** Data section **
■ ■ ■ ■
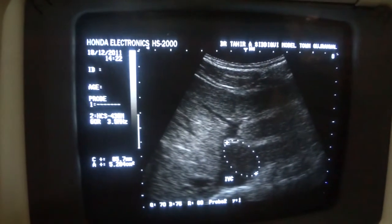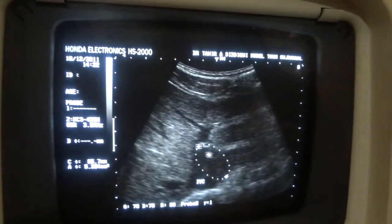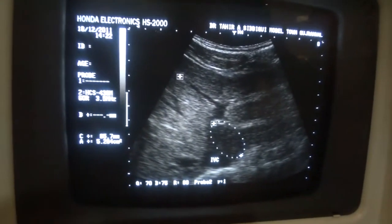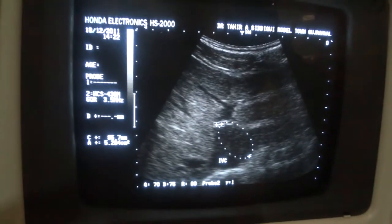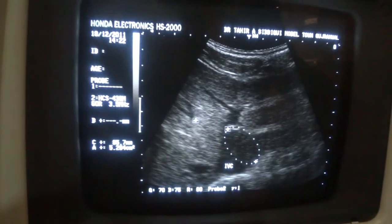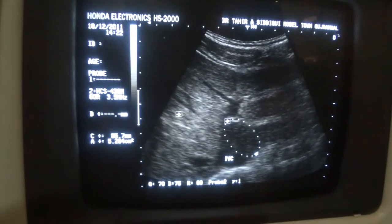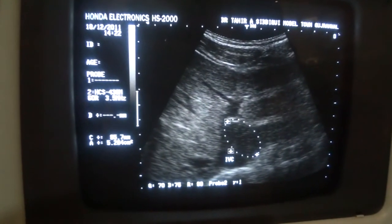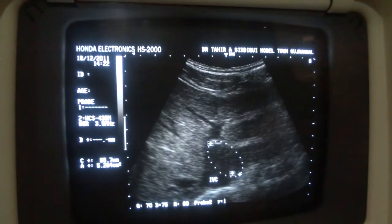Now if you look at the caudate lobe of the liver, this area is hypoechoic compared to the rest of the liver. It is less bright than the rest of the liver. The left lobe of the liver is brighter. The caudate lobe is hypoechoic — it is less bright.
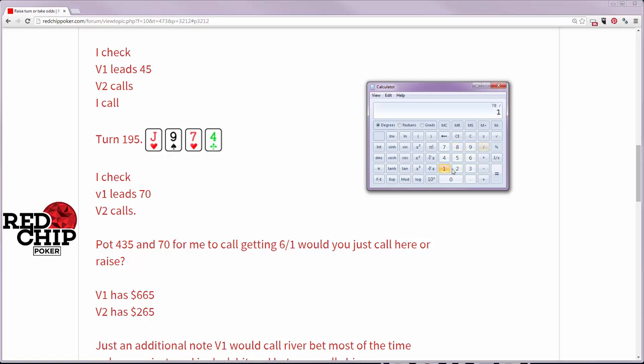Divide that out and that means there are six and a half losses for every win that you're going to get. So if you call right here for 70, that means you need to win 455 every time that you hit your clean out to at least break even. There's 435 in the pot. So we'll call this a break even. You can call, you can't call. It really doesn't matter.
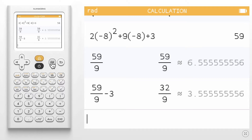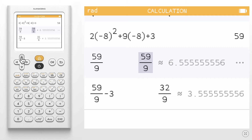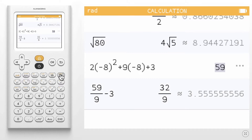You can clear a calculation by navigating into your calculation history, highlighting the calculation you would like to clear, and then pressing the backspace key. You will see that the line is now cleared.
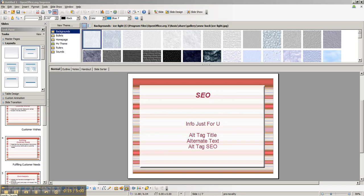It's regarding alt tag SEO and I want to give you a little information first about the subject. It is worthwhile to include images in your blog posts. When you do, you should perform alt tag SEO.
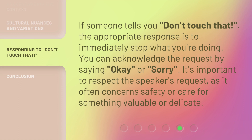If someone tells you 'don't touch that,' the appropriate response is to immediately stop what you're doing. You can acknowledge the request by saying 'okay' or 'sorry.' It's important to respect the speaker's request, as it often concerns safety or care for something valuable or delicate.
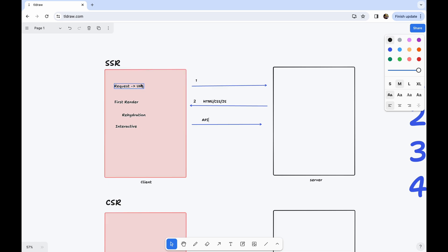Now I click on about us — same thing happens: it goes to the server, returns HTML, CSS, JS of about us, first render happens, rehydration happens, interactivity happens. I click on contact us, same thing. I click on homepage again, same thing. So if you have figured it out, the problem with server-side rendering is performance. For everything, we are going back to the server, which is a costly affair. So performance is compromised, and user experience is also compromised because the user has to wait, and if there's a delay from the server, it will be a very bad user experience.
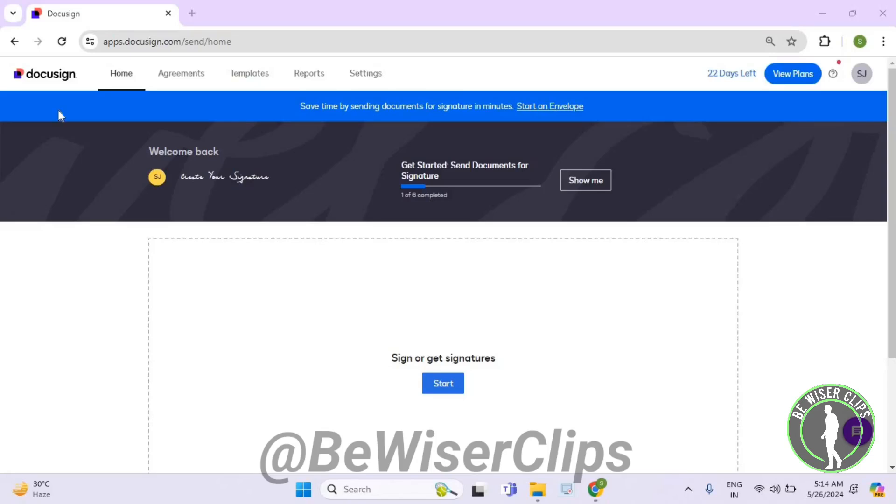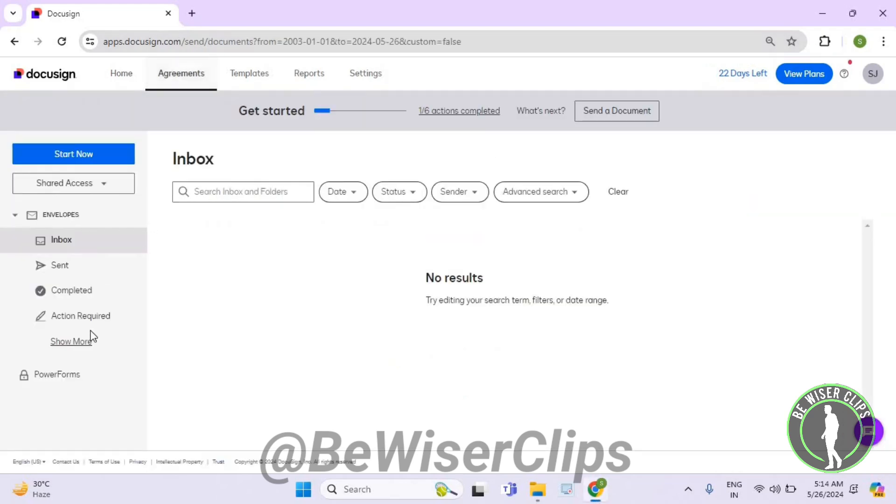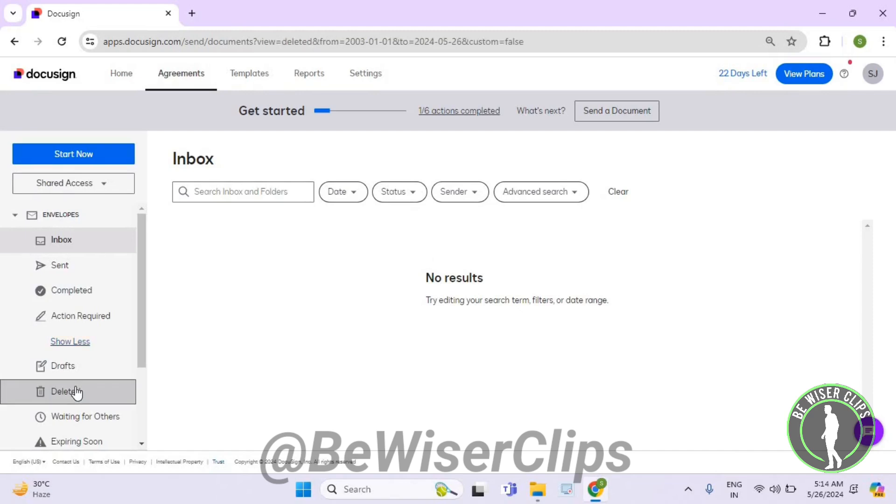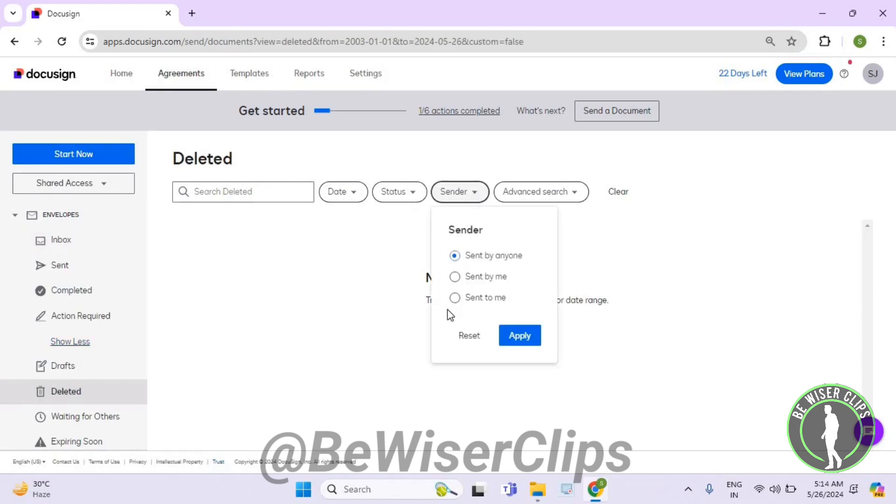Hello guys, in this video I will show you how to check out send to me deleted documents on DocuSign. For that, first of all, you will need to login to your account on DocuSign.com, and then get to the top left corner here. Select agreements, now select show more, now select deleted, now select sender.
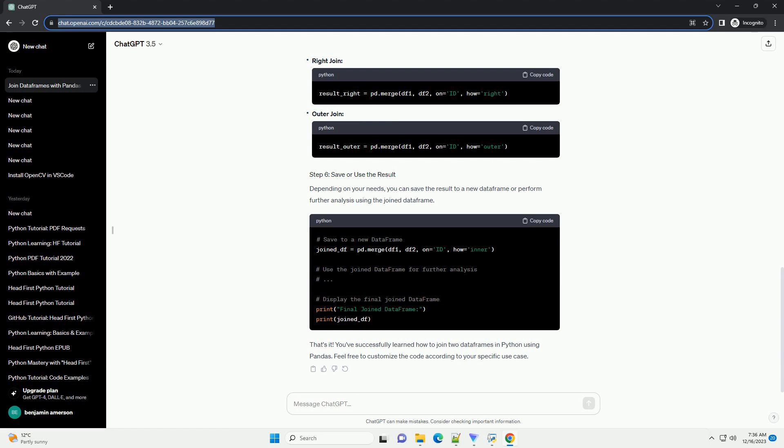Depending on your needs, you can save the result to a new data frame or perform further analysis using the joined data frame. That's it. You've successfully learned how to join two data frames in Python using pandas. Feel free to customize the code according to your specific use case.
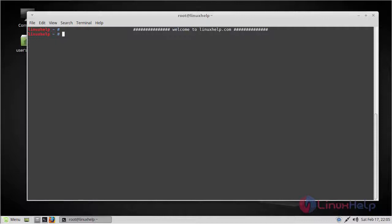So they have released a new update, 1.1.3 version. Let's see how to install it on Linux Mint 18.3. In order to download the latest version, go to the SimpleNote official website.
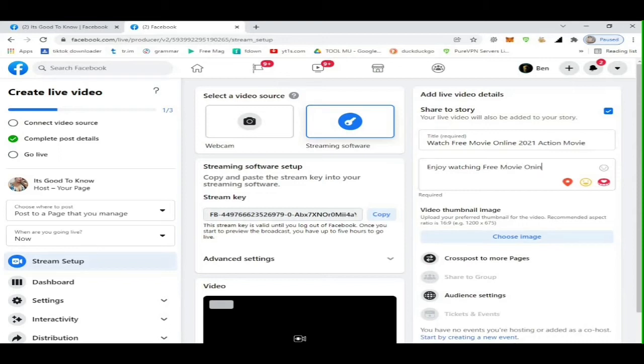You will see green icon check for Complete Post Details, then the next bullet option, click Go Live.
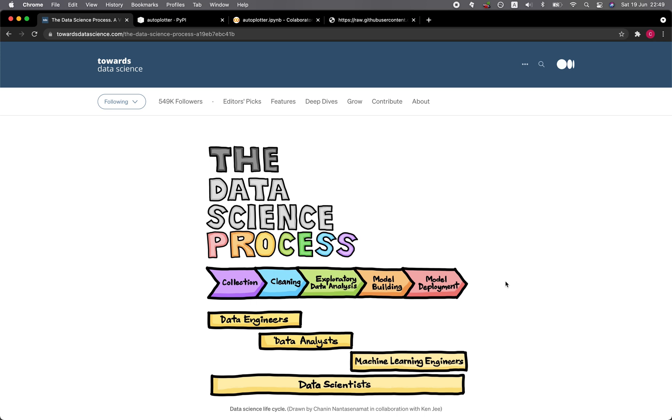Exploratory data analysis is one of the most important parts of the data science process because it allows you to gain an understanding of your dataset. Such preliminary understanding will allow you to plan your own data science projects as well as shaping the direction at which the project is heading for.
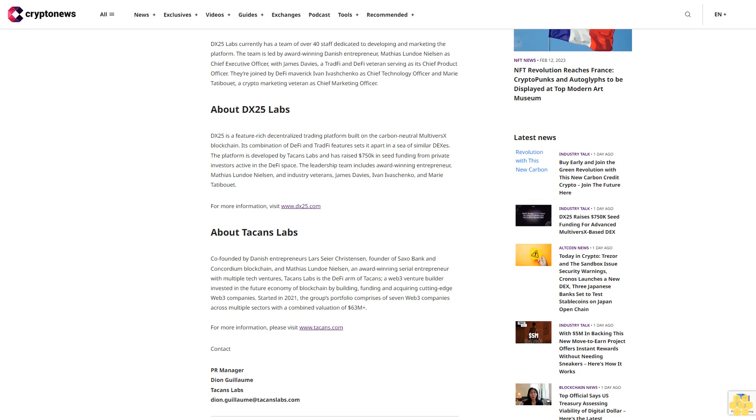Started in 2021, the group's portfolio comprises seven Web3 companies across multiple sectors with a combined valuation of $63M+. For more information, please visit www.tackins.com. Contact: PR Manager, Don Guillaume, Tackins Labs, tianguillaume@tackinslabs.com.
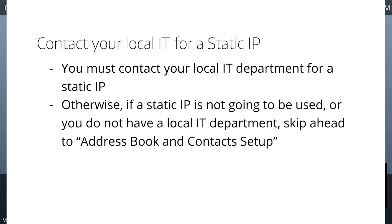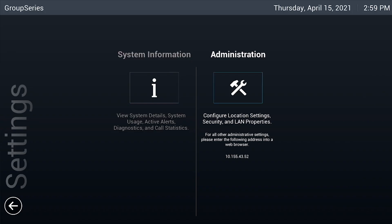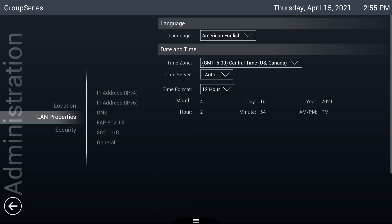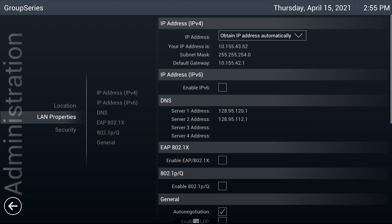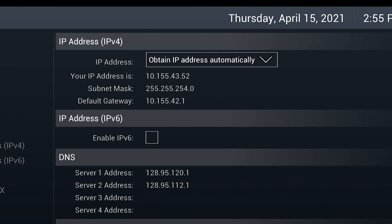To start, tap on the menu button, then navigate to Settings. Select Administration and enter the admin credentials. Next, tap on LAN properties and then IP address, IPv4.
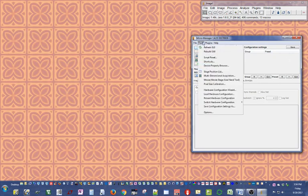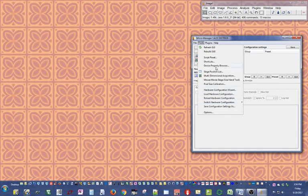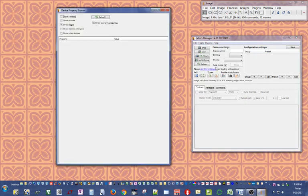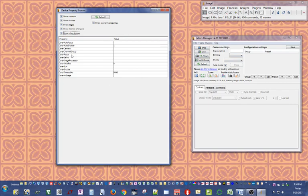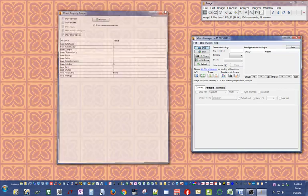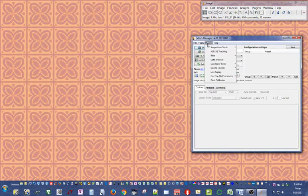What the hardware configuration wizard does is it loads up any devices that you want to use with MicroManager. Without a hardware configuration file or startup configuration file, MicroManager doesn't load any device, so right now there's no cameras, no shutters, no stages available to us.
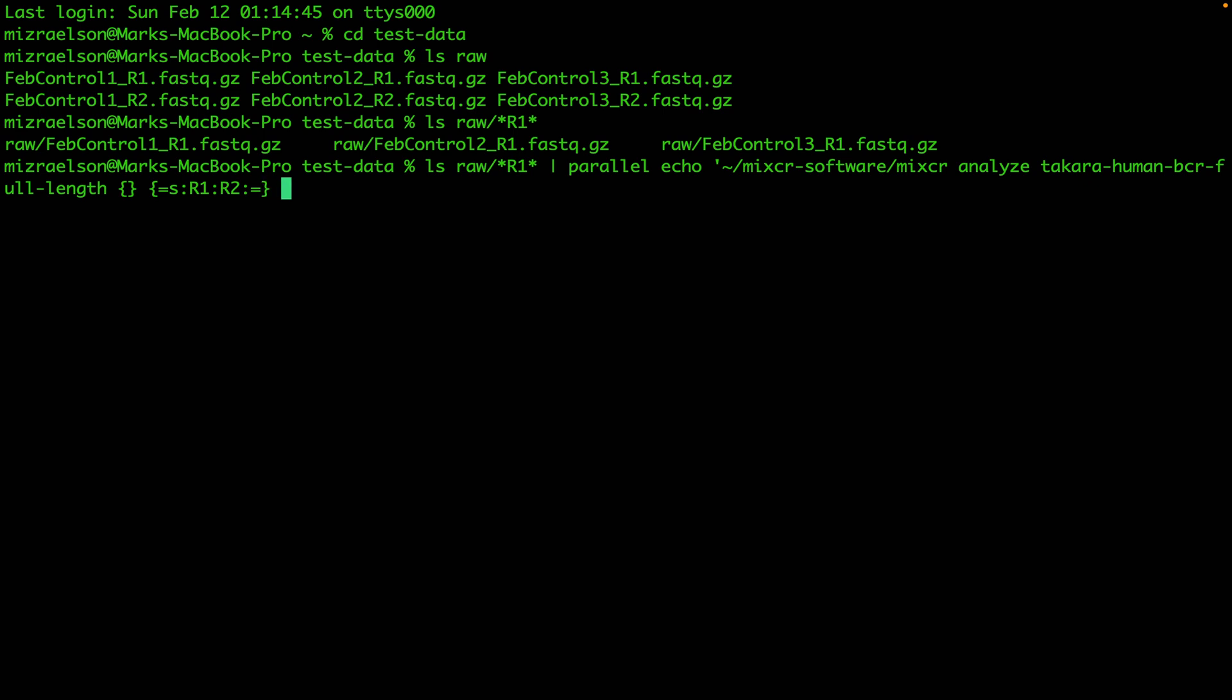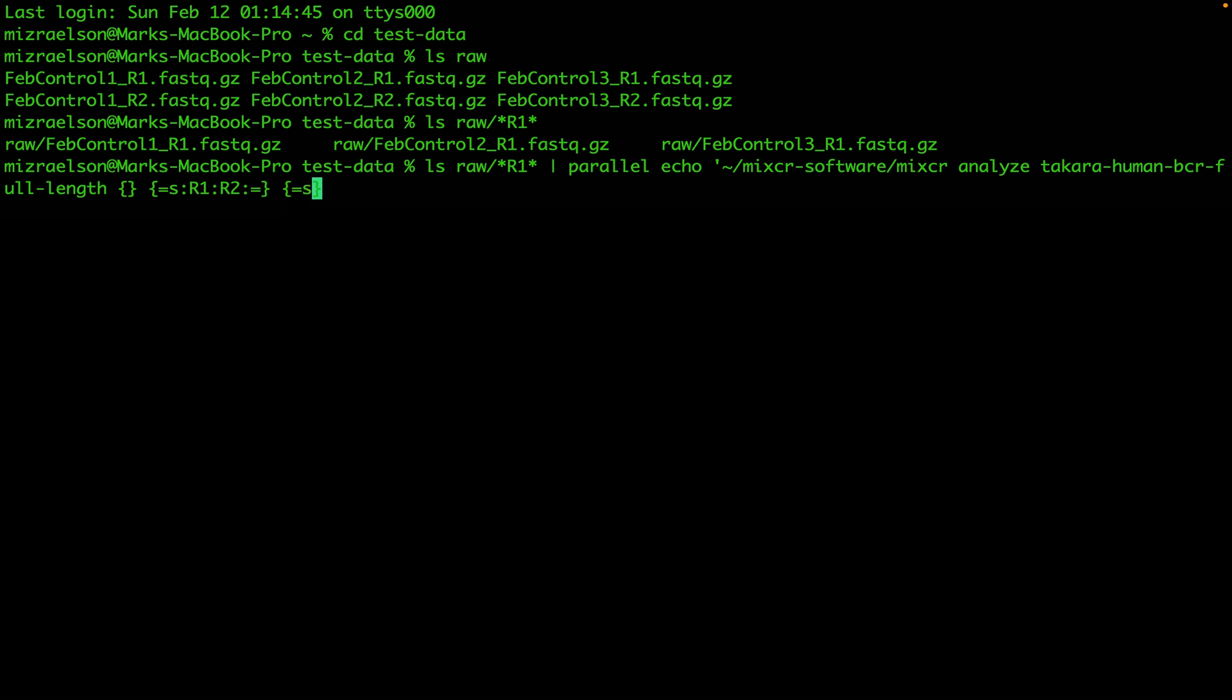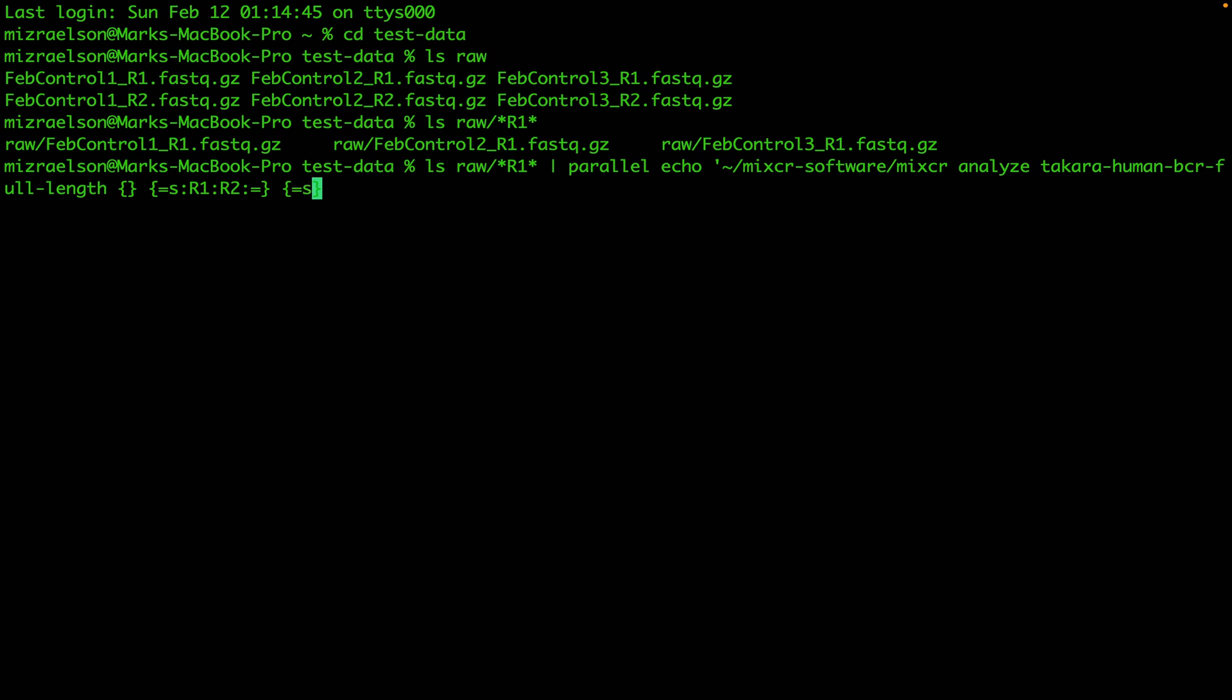Finally we have to provide the output directory and the output prefix. Again we're going to use the same curly brackets and we're going to substitute the raw folder with the results folder.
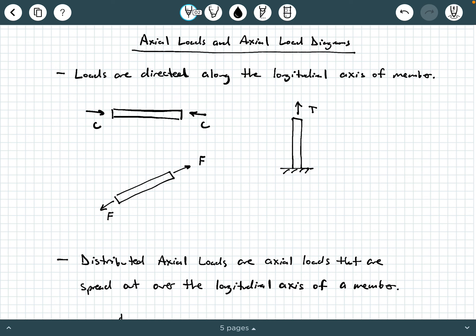Hey everybody, Dr. A here, and in this video we're going to be providing some background information on axial loads and axial load diagrams. So let's go ahead and get started.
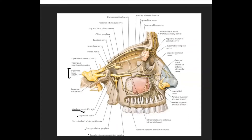There is a branch that connects the zygomaticotemporal nerve to the lacrimal nerve — this is the communicating branch, and it is very important. Let's discuss its role.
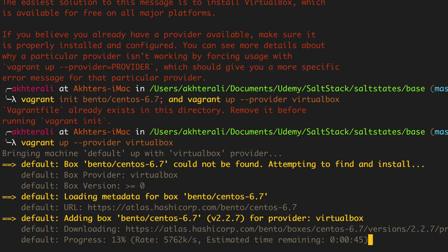This video is coming up to be a little long — I believe it's already been 10 minutes. So I'm going to go ahead and pause here, and then on the next video I'll have VirtualBox installed and we should be ready to go from there.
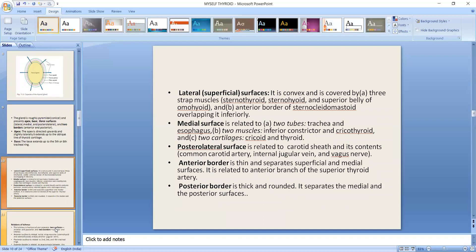The lateral surface is convex and is covered by three strap muscles: sternothyroid, sternohyoid, and the superior belly of omohyoid. The anterior border of the sternocleidomastoid also overlaps it. These muscles cover the lateral surface.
■ ■ ■ ■
** Task objective **
The lines above should be transcribed exactly, with every image removed.

** Result for this task **
Now if you look at the caudate lobe of the liver, this area is hypoechoic compared to the rest of the liver. It is less bright than the rest of the liver. The left lobe of the liver is brighter. The caudate lobe is hypoechoic — it is less bright.
Divide that out and that means there are six and a half losses for every win that you're going to get. So if you call right here for 70, that means you need to win 455 every time that you hit your clean out to at least break even. There's 435 in the pot. So we'll call this a break even. You can call, you can't call. It really doesn't matter.
You can clear a calculation by navigating into your calculation history, highlighting the calculation you would like to clear, and then pressing the backspace key. You will see that the line is now cleared.
It's regarding alt tag SEO and I want to give you a little information first about the subject. It is worthwhile to include images in your blog posts. When you do, you should perform alt tag SEO.
If someone tells you 'don't touch that,' the appropriate response is to immediately stop what you're doing. You can acknowledge the request by saying 'okay' or 'sorry.' It's important to respect the speaker's request, as it often concerns safety or care for something valuable or delicate.
Now I click on about us — same thing happens: it goes to the server, returns HTML, CSS, JS of about us, first render happens, rehydration happens, interactivity happens. I click on contact us, same thing. I click on homepage again, same thing. So if you have figured it out, the problem with server-side rendering is performance. For everything, we are going back to the server, which is a costly affair. So performance is compromised, and user experience is also compromised because the user has to wait, and if there's a delay from the server, it will be a very bad user experience.
Hello guys, in this video I will show you how to check out send to me deleted documents on DocuSign. For that, first of all, you will need to login to your account on DocuSign.com, and then get to the top left corner here. Select agreements, now select show more, now select deleted, now select sender.
Depending on your needs, you can save the result to a new data frame or perform further analysis using the joined data frame. That's it. You've successfully learned how to join two data frames in Python using pandas. Feel free to customize the code according to your specific use case.
So they have released a new update, 1.1.3 version. Let's see how to install it on Linux Mint 18.3. In order to download the latest version, go to the SimpleNote official website.
You will see green icon check for Complete Post Details, then the next bullet option, click Go Live.
Exploratory data analysis is one of the most important parts of the data science process because it allows you to gain an understanding of your dataset. Such preliminary understanding will allow you to plan your own data science projects as well as shaping the direction at which the project is heading for.
Started in 2021, the group's portfolio comprises seven Web3 companies across multiple sectors with a combined valuation of $63M+. For more information, please visit www.tackins.com. Contact: PR Manager, Don Guillaume, Tackins Labs, tianguillaume@tackinslabs.com.
To start, tap on the menu button, then navigate to Settings. Select Administration and enter the admin credentials. Next, tap on LAN properties and then IP address, IPv4.
What the hardware configuration wizard does is it loads up any devices that you want to use with MicroManager. Without a hardware configuration file or startup configuration file, MicroManager doesn't load any device, so right now there's no cameras, no shutters, no stages available to us.
Finally we have to provide the output directory and the output prefix. Again we're going to use the same curly brackets and we're going to substitute the raw folder with the results folder.
Hey everybody, Dr. A here, and in this video we're going to be providing some background information on axial loads and axial load diagrams. So let's go ahead and get started.
There is a branch that connects the zygomaticotemporal nerve to the lacrimal nerve — this is the communicating branch, and it is very important. Let's discuss its role.
This video is coming up to be a little long — I believe it's already been 10 minutes. So I'm going to go ahead and pause here, and then on the next video I'll have VirtualBox installed and we should be ready to go from there.
The lateral surface is convex and is covered by three strap muscles: sternothyroid, sternohyoid, and the superior belly of omohyoid. The anterior border of the sternocleidomastoid also overlaps it. These muscles cover the lateral surface.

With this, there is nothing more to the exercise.